In the north of Sweden in winter, daytime temperatures rarely rise above -13..-15 degrees, and at night frosts reach -20..-22 degrees. In summer time in this region about 15..17 degrees of heat is observed during the day, and 5..7 degrees of heat at night. In the east of the country in summer during the daytime, the average temperature ranges from +18 to +20 degrees, at night – from +8 to +10 degrees. In winter, during the day, the air warms up to -5 degrees, and at night it cools down to -15 degrees. The warmest regions of Sweden (the west and the islands in the Baltic Sea) are characterized by milder winters – during the day the air temperature is about 0 degrees, at night – from -3 to -1 degrees. In summer, during the daytime, the air warms up to 22 degrees Celsius, and at night the temperature drops to 13 degrees Celsius.
The average annual rainfall ranges from 700 mm on the western coast of Southern Sweden to 500 mm in the northern regions, up to 2000 mm in the mountains. The greatest amount of precipitation is observed at the end of summer (in September, about 80 mm of precipitation falls on the southwestern coast, 60 mm in the east and north), the least – from February to April (an average of about 30 mm per month).
Best time to visit: The best time to visit
Sweden is between May and August when the weather is warm and dry. The ski season lasts from late November to May.
The territory of Sweden stretches for many kilometers from north to south, so here you can find a wide variety of landscapes with the same diverse nature. The government of the starny treats nature very carefully, the first 9 national parks of the country were created in 1909 and became the first in Europe. Now among the tourists coming here, ecotourism is becoming more and more popular, which includes visiting and hiking in national parks. The most famous national parks in Sweden are Abisko, Padyelanta, Muddus, Sarek, all of them are located in Lapland in the very north of the country. Padjelanta and Sarek are the largest parks in Sweden, the area of each of them exceeds 200 thousand hectares, of which 90% are occupied by mountains. There are about 400 species of plants in Padielanta National Park, as well as a wide variety of animals, which is not typical for mountainous areas. Sarek National Park presents more than 200 mountains to tourists, the height of which exceeds 1800 m. 13 of the highest points of the country are located here.
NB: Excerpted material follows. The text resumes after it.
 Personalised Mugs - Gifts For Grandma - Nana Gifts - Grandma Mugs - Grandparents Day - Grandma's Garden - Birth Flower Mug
For lovers of hiking, Sarek is ideal, but its trails are very difficult and close to climbing, especially since there are no campsites in Sarek, so experienced tourists are recommended to visit it. Here you can meet such animals as bears, lynxes, wolverines, elks. In Abisko National Park, there is a deep crevasse that rises up from Lake Thornetrask. This place is one of the most popular for “winter” tourists, aspiring to see the northern lights with their own eyes. Muddus National Park is almost entirely occupied by dense forests and swamps, and the swamps around Lake Muddusjärvi are home to a large number of bird species. The Djuru National Park, which is located on 30 islets in the very center of Lake Vanern, is very interesting. It is reached exclusively by rented boats.
The Southern National Parks are worth visiting in the spring, when flowers begin to bloom in the forests. There is even a national park in the capital of Sweden – this is the “Royal Ecological Park”, which became the world’s first urban national park. It is a vast natural massif with diverse flora and fauna.